The strength of Pringle and Jacobson's book is in its detail, stomach-churning at times. Although their style is journalistic and their prose plain, I supposed it must be effective, as I frequently found my eyes welling up with tears of rage. Most accounts of Bloody Sunday focus on the out-of-control nature of the Paras, but Pringle and Jacobson appropriately detail the command failures that led to the tragedy: the ill-conceived use of an elite, lethally-armed regiment to perform a police function; the decision to place civilians at risk; the lack of any overall political strategy to deal with the North; the failure of radio communications that placed the Paras beyond control of headquarters.

Aside from the political significance of Bloody Sunday, the drama of that day illuminates human nature at its best and worst: the teenaged first aid worker Eibhlin Lafferty, preventing a rabid soldier from finishing off a wounded man, asking him, "Are you mad?"; Barney McGuigan, waving a handkerchief to come to the aid of the dying Paddy Doherty, saying "They'll not shoot me" moments before his head was blown apart; Alex Nash, grievously injured running toward his dying son, Willie; the priests who braved gunfire to administer the last rites; the hapless Catholic businessman McKinney, stuck in the march on his way back from meeting an associate, shot by the army with his hands up.

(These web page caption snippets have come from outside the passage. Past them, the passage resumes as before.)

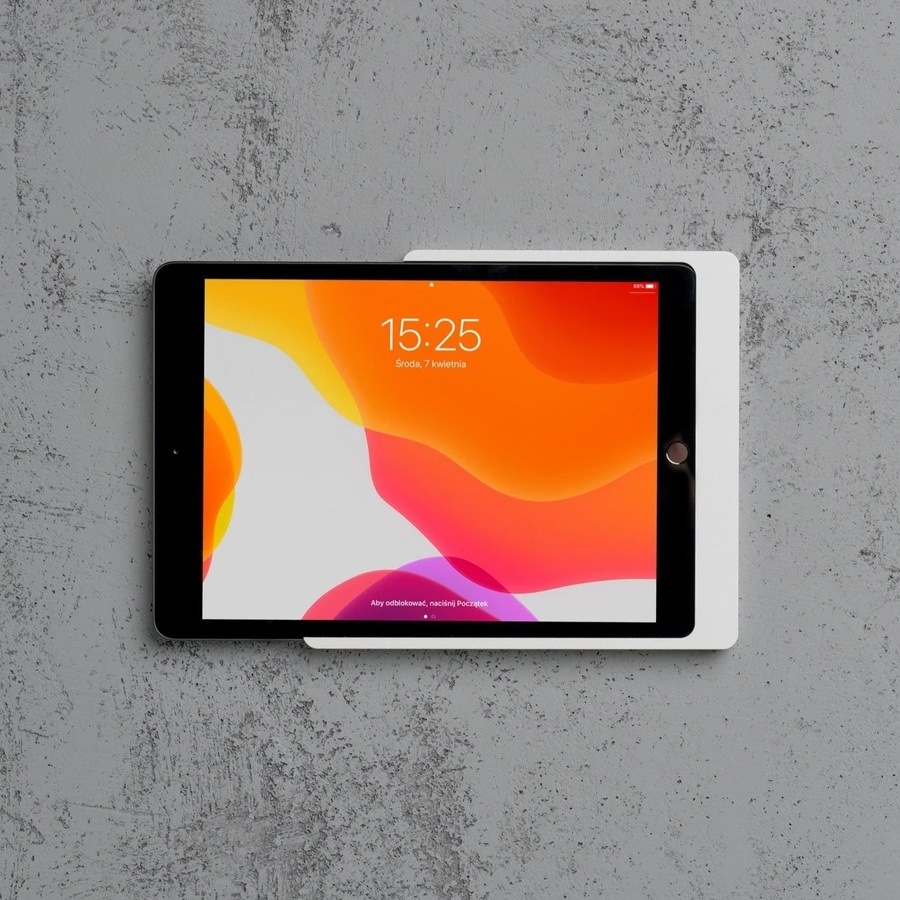 Wall mount for iPad 10.2-inch | Companion Wall Home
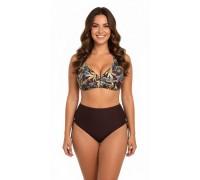 Жіночий роздільний купальник TERES Арт.: 2369-25 H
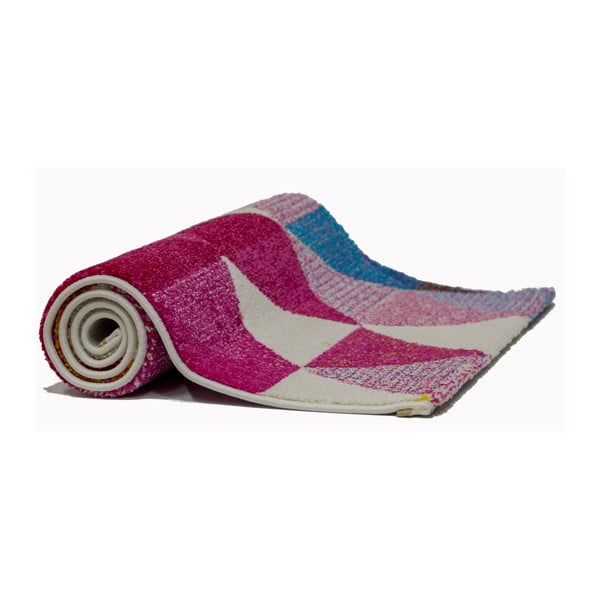 Dywan Universal Tikey Blanco, 200x290 cm-image-1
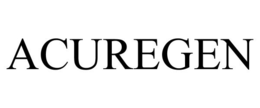 ACUREGEN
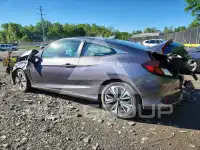 2016 Honda CIVIC photo
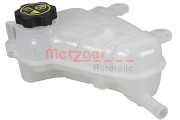 2140321 Vyrovnávacia nádobka chladiacej kvapaliny METZGER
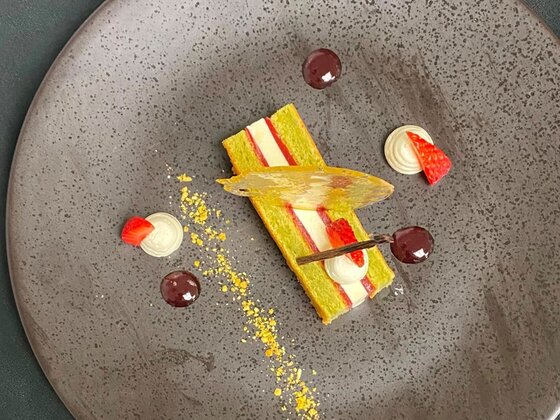 Auberge Godefroy - Centre du Québec - Escapade Gastronomique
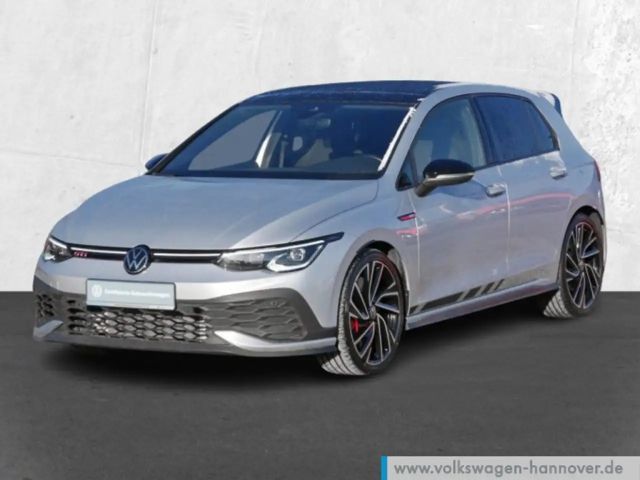 Volkswagen Golf 2.0 TSI DSG GTI Golf VIII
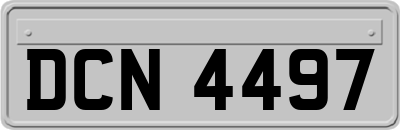 DCN4497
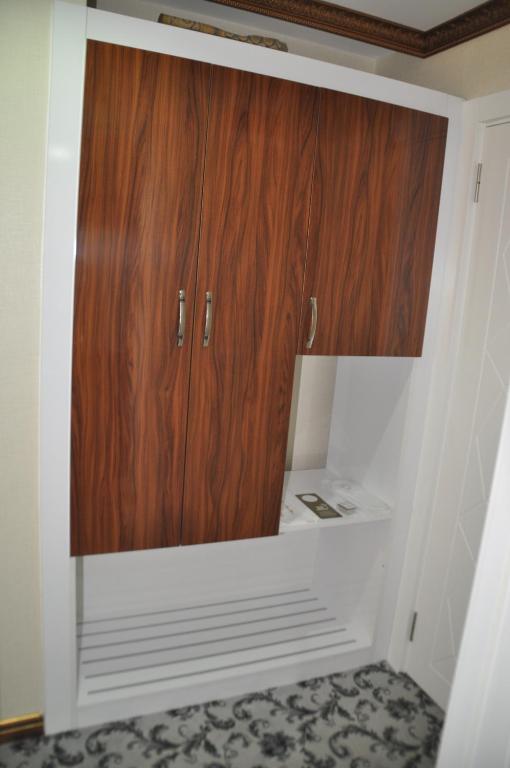 Fotografie z fotogalerie ubytování Grand Sera Hotel v destinaci Ankara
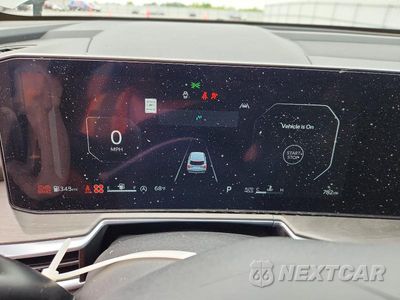 Zdjęcie 9 z 13 samochodu: 2026 KIA SORENTO X-LINE SX VIN:5XYRKDJF7TG476501 - miniatura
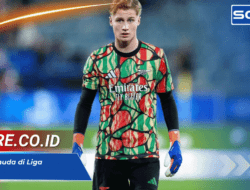 Kiper Termuda di Liga Inggris: Talenta Muda yang Siap Mengukir Sejarah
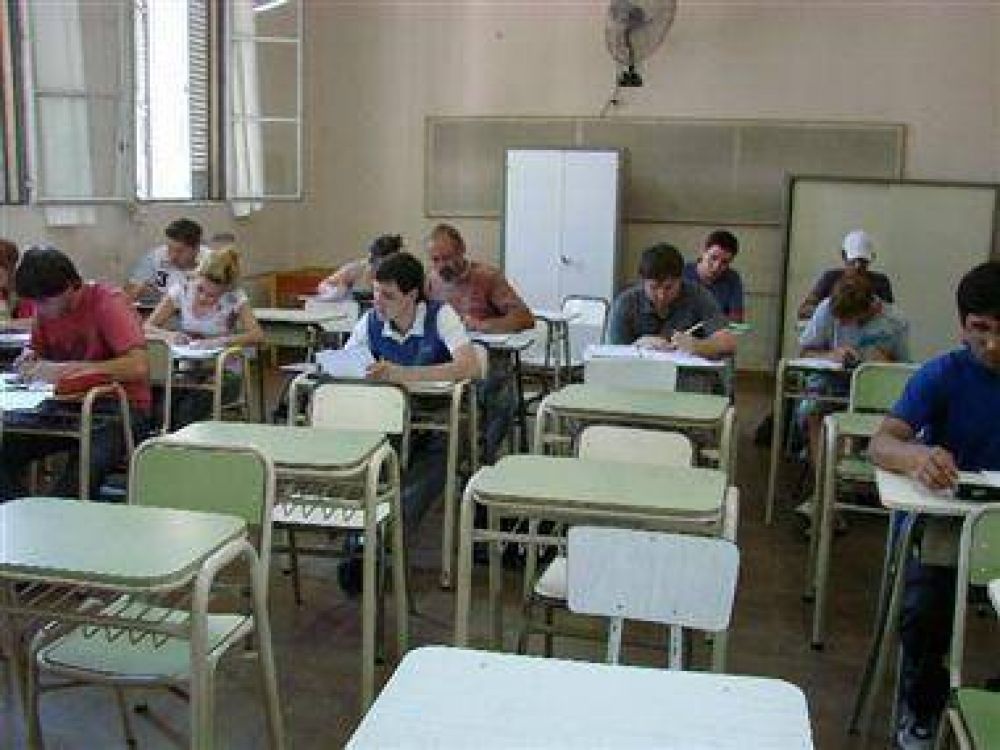 Promoci�n de peritos calificadores de granos
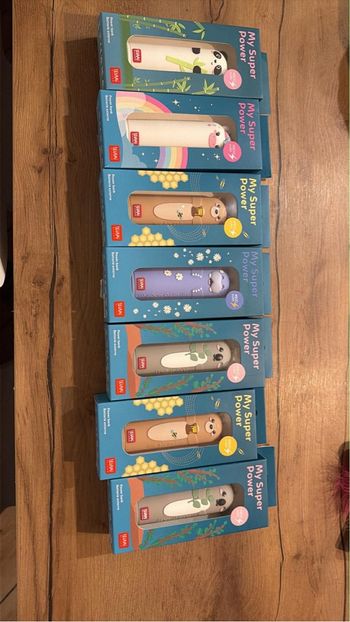 batterie externe legami 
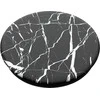 Popsockets 2 Juodas Marble 800473 telefono laikiklis – standard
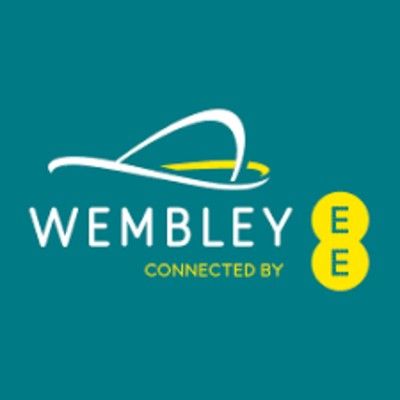 Wembley Stadium Tours logo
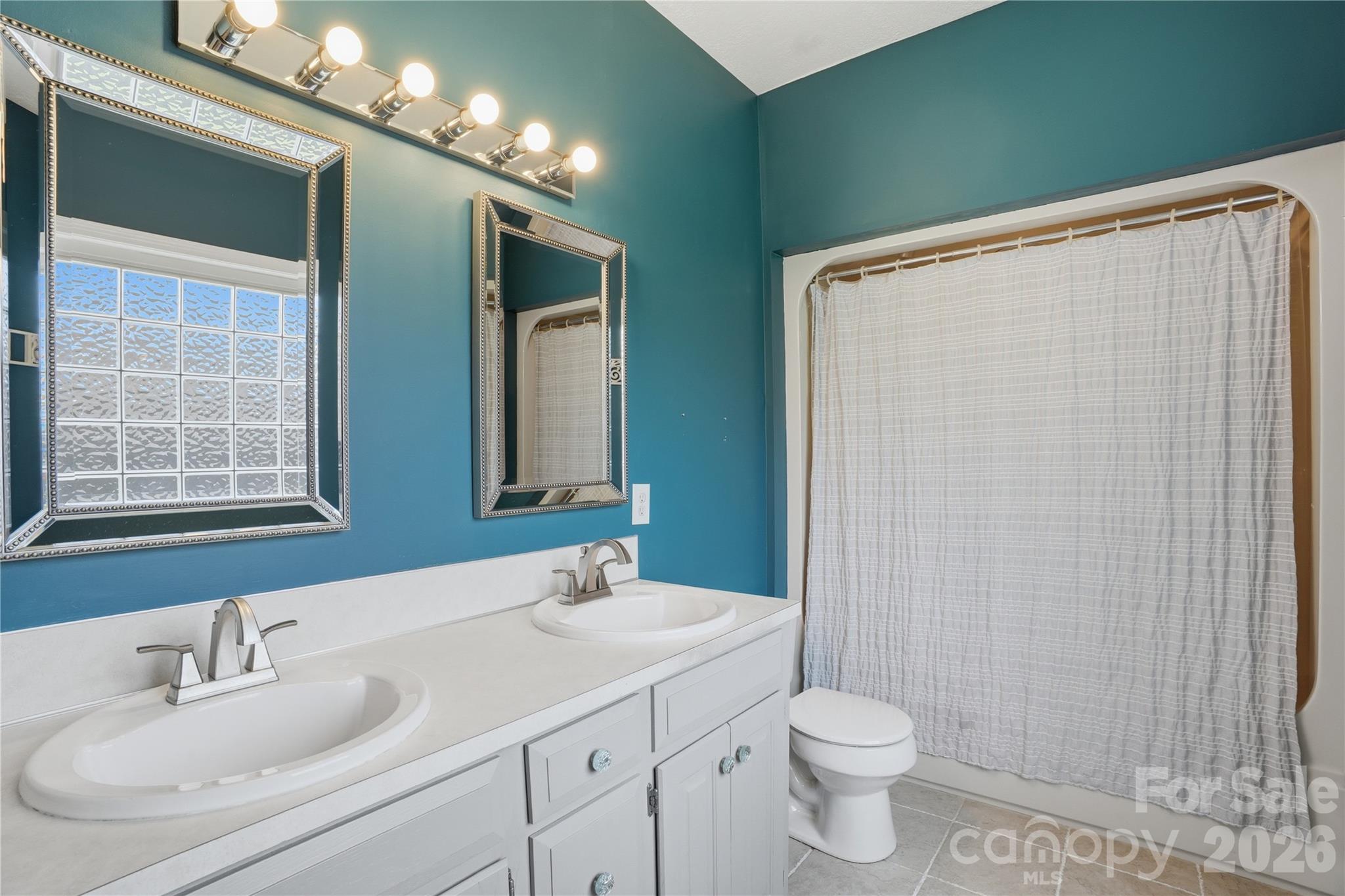 1550 Indian Springs Drive NW — Conover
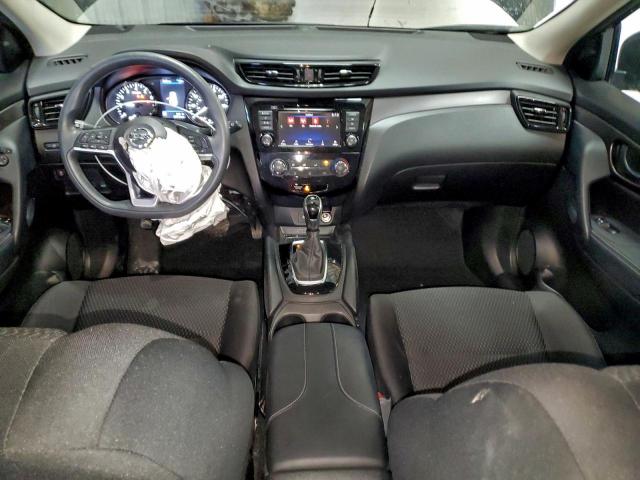 Nissan Rogue S Image 5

I would have given the book 5 stars, but the account of the political aftermath of Bloody Sunday is perfunctory, and more follow-up on some of the participants would have been interesting. What happened to Alana Burke, who apparently had a spinal injury after been struck by a Saracen? What happened to the young soccer player whose leg was shattered by a bullet? How did the tragedy affect the lives of those involved in years to come?

There is a decent map of the Bogside included, which could have been more detailed, and might have been labelled with the location of exactly where the fatalities occurred.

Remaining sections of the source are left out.